I can see now why I was so struck by Lorna Doone's likeness to my mother. It's because her Victorian creator, R. D. Blackmore, an Oxford man who had previously only ‘translated from the classics without attracting very much attention' (as one biographer puts it), had dealt with the difficult but best-selling business of how to have his heroine marry ‘down' without being suspected of lust for honest John (who is over six feet tall and the local wrestling champion) by making Lorna skittishly chaste and childlike throughout. Blackmore had hit on a deviant formula for romance, where heroines – like Jane Eyre twenty years earlier – usually married the master. If the hero is not socially powerful then his masculine mystique comes into full focus, although the Victorian heroine mustn't know where to look.
Lorna Doone
innocently anticipates Lawrence. This John, like Lady Chatterley's lover, is a great believer in the natural order of things between the sexes and also speaks with a bit of a burr when he remembers to. For instance:

I know that up the country, women are allowed to reap . . . But in our part, women do what seems their proper business, following well behind the men, out of harm of the swinging-hook, and stooping with their breasts and arms up they catch
the swathes of corn, where the reapers cast them, and tucking them together tightly with a wisp laid under them, this they fetch around and twist, with a knee to keep it close . . .

Although this is just an aside on country customs, it suggests the sort of preaching about proper positions Mellors goes in for. Blackmore's heroine wouldn't be seen dead in a cornfield – after all, we are dealing in symbols: John Ridd's charm for Lorna resides in the firm authority underlying his deference. She can stay a young girl for ever. It wasn't at all a perfect allegory of my father's relations with my mother, since John Ridd has cosy Plover's Barrow and
his
mother to mother his child bride when he gets her home. But you can't have everything.
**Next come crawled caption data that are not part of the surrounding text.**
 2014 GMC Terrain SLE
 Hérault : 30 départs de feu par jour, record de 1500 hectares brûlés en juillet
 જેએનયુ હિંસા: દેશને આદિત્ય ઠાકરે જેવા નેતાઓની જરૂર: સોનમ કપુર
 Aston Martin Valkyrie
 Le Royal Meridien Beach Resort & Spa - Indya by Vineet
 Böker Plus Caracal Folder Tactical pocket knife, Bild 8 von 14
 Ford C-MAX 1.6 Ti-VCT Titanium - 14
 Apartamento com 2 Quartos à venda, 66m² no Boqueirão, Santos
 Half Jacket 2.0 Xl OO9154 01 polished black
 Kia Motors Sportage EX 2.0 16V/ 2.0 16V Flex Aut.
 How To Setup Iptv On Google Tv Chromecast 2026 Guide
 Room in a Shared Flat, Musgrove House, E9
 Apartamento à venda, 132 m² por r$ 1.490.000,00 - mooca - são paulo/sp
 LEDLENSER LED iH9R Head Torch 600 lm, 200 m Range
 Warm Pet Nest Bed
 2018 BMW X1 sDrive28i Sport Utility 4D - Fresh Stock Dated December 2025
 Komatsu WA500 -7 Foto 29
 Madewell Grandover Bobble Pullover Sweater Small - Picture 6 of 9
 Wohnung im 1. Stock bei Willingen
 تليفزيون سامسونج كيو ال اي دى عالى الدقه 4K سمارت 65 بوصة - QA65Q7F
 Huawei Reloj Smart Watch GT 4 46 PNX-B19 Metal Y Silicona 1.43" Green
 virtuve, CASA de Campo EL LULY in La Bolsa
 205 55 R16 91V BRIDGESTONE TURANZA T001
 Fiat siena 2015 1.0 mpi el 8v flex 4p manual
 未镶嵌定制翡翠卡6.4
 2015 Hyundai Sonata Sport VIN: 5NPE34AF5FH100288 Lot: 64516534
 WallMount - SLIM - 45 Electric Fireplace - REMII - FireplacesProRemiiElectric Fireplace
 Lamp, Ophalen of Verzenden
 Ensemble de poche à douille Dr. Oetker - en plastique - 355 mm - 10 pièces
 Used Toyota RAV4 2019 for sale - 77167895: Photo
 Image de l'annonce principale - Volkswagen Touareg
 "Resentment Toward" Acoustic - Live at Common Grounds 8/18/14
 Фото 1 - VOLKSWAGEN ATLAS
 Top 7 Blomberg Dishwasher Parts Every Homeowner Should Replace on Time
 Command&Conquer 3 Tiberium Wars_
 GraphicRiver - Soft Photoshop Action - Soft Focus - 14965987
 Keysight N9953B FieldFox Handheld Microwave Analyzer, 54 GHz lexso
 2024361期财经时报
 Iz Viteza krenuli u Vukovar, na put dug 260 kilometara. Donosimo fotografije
Grandpa about to give my mother away, 1942

What I like to think is that Grandpa had been inwardly seething like Carver Doone at their wedding, marching his daughter to church and handing her over to this honest John,
and that's why the name popped into his head when I was born. Like Carver, he'd have wickedly despised my father's John Riddish combination of conscious virtue, modesty and manly prowess. Eric was a natural for the role of responsible adult when he came back from the army after the war: Grandpa was eager for him to take it on, too, since it mainly meant my father trying to balance the vicarage books out of his own pocket. Grandpa could still clutch the skirts of his clerical dignity round him and appeal to his higher Authority. After his death, my father had not even this shadow of a rival for the part of patriarch and, young as he was (thirty-three in 1952), his army training predisposed him to take it very seriously. On the Home Front everything conspired to make him a martinet.